• Aim of the exercise:
Please write out the lines of the data exactly, beginning with the first and ending with the line containing "M0UKD uses 10"; leave the pictures behind.

• Data supplied:
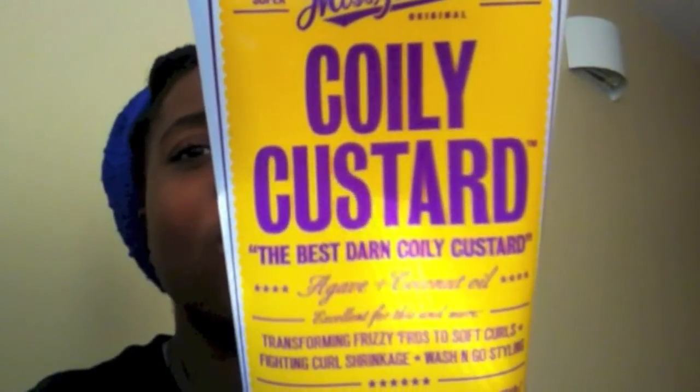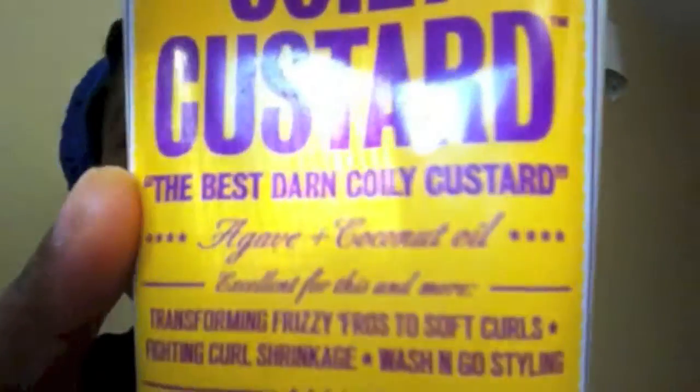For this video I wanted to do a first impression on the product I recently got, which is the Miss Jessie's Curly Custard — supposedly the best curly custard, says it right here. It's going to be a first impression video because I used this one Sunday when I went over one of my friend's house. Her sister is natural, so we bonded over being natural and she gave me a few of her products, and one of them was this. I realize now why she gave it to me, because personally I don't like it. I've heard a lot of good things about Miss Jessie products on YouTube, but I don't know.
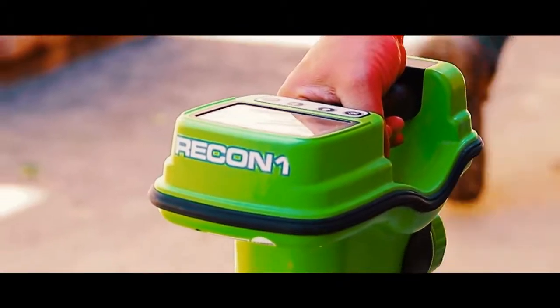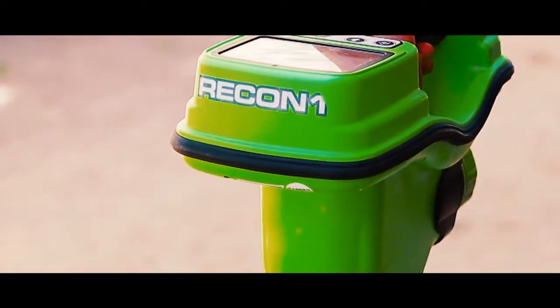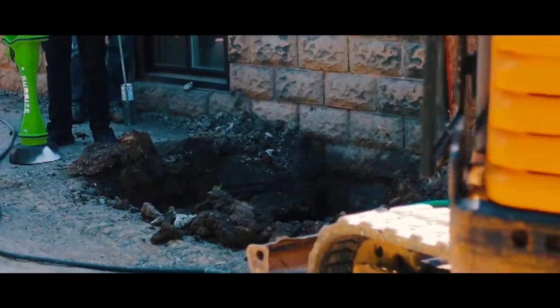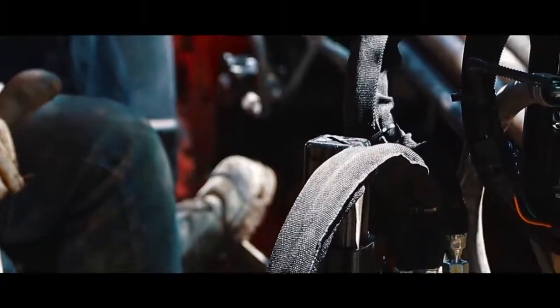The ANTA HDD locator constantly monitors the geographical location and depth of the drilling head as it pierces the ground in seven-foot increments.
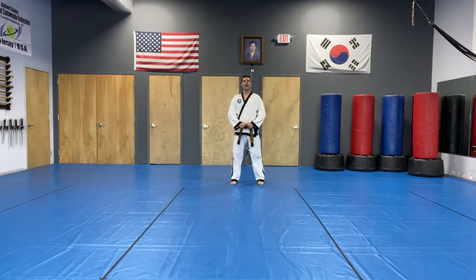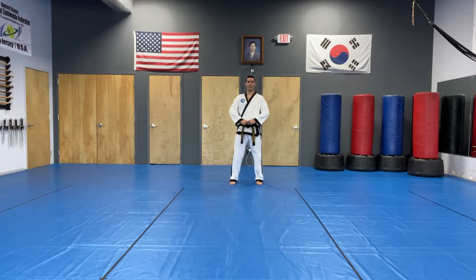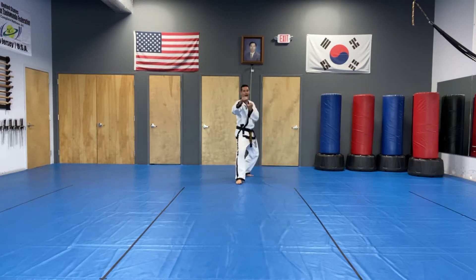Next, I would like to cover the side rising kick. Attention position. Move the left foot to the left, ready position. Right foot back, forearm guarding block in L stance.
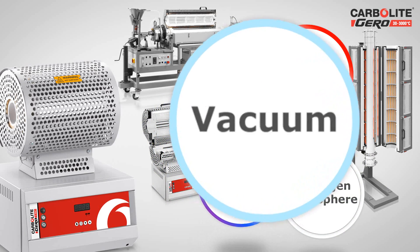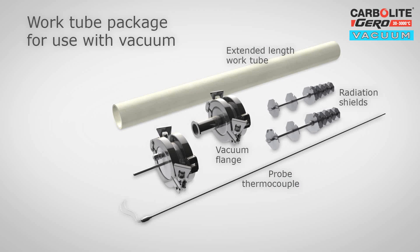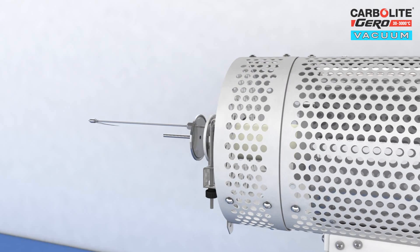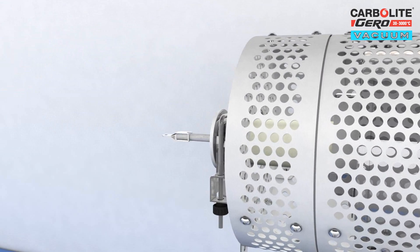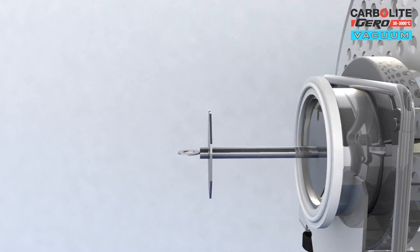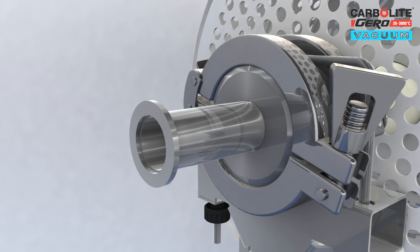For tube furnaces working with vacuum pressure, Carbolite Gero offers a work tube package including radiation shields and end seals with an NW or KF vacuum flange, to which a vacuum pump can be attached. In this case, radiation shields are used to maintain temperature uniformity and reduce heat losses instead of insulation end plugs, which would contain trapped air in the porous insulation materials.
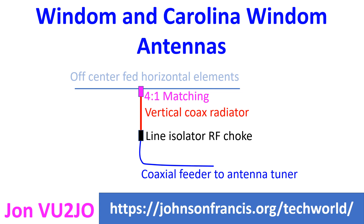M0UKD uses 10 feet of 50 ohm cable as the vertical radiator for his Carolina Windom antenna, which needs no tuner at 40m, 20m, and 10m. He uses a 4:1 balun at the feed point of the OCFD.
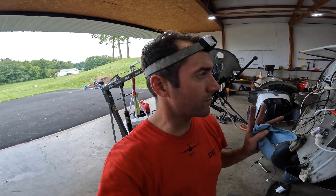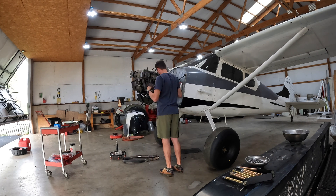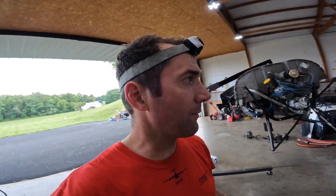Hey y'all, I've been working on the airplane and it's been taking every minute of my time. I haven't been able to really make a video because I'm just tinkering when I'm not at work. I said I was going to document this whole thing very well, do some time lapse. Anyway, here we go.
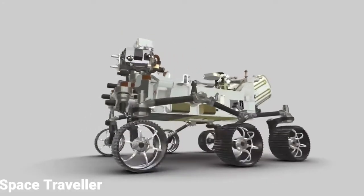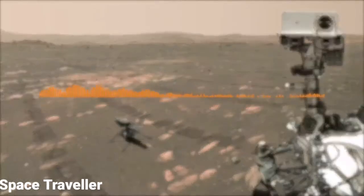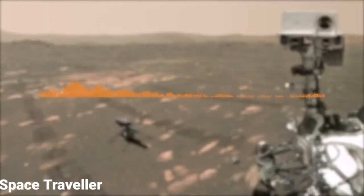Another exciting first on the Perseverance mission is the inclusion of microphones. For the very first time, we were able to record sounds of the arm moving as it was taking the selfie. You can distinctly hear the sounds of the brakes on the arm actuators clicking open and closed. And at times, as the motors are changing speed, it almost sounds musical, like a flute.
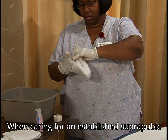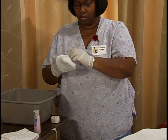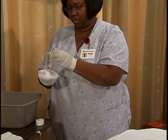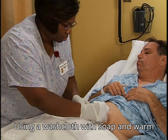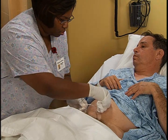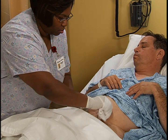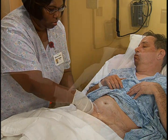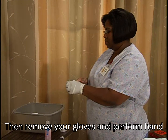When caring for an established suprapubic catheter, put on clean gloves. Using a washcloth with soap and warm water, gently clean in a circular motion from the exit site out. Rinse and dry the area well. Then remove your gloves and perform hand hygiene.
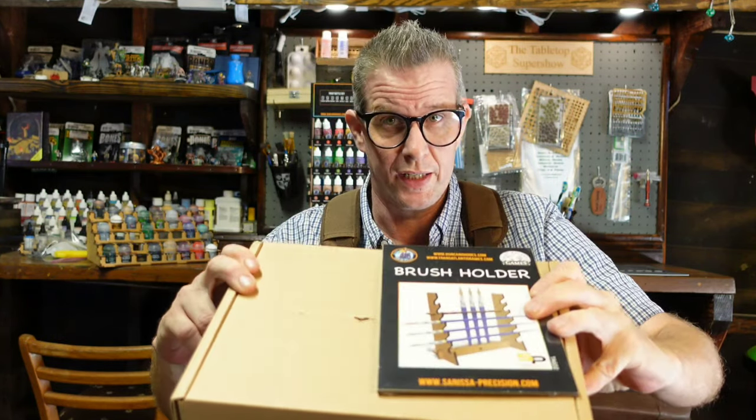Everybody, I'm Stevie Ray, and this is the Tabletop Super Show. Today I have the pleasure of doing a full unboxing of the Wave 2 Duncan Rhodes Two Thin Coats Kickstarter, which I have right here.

• Task response:
For this video I wanted to do a first impression on the product I recently got, which is the Miss Jessie's Curly Custard — supposedly the best curly custard, says it right here. It's going to be a first impression video because I used this one Sunday when I went over one of my friend's house. Her sister is natural, so we bonded over being natural and she gave me a few of her products, and one of them was this. I realize now why she gave it to me, because personally I don't like it. I've heard a lot of good things about Miss Jessie products on YouTube, but I don't know.
The ANTA HDD locator constantly monitors the geographical location and depth of the drilling head as it pierces the ground in seven-foot increments.
Next, I would like to cover the side rising kick. Attention position. Move the left foot to the left, ready position. Right foot back, forearm guarding block in L stance.
For tube furnaces working with vacuum pressure, Carbolite Gero offers a work tube package including radiation shields and end seals with an NW or KF vacuum flange, to which a vacuum pump can be attached. In this case, radiation shields are used to maintain temperature uniformity and reduce heat losses instead of insulation end plugs, which would contain trapped air in the porous insulation materials.
M0UKD uses 10 feet of 50 ohm cable as the vertical radiator for his Carolina Windom antenna, which needs no tuner at 40m, 20m, and 10m. He uses a 4:1 balun at the feed point of the OCFD.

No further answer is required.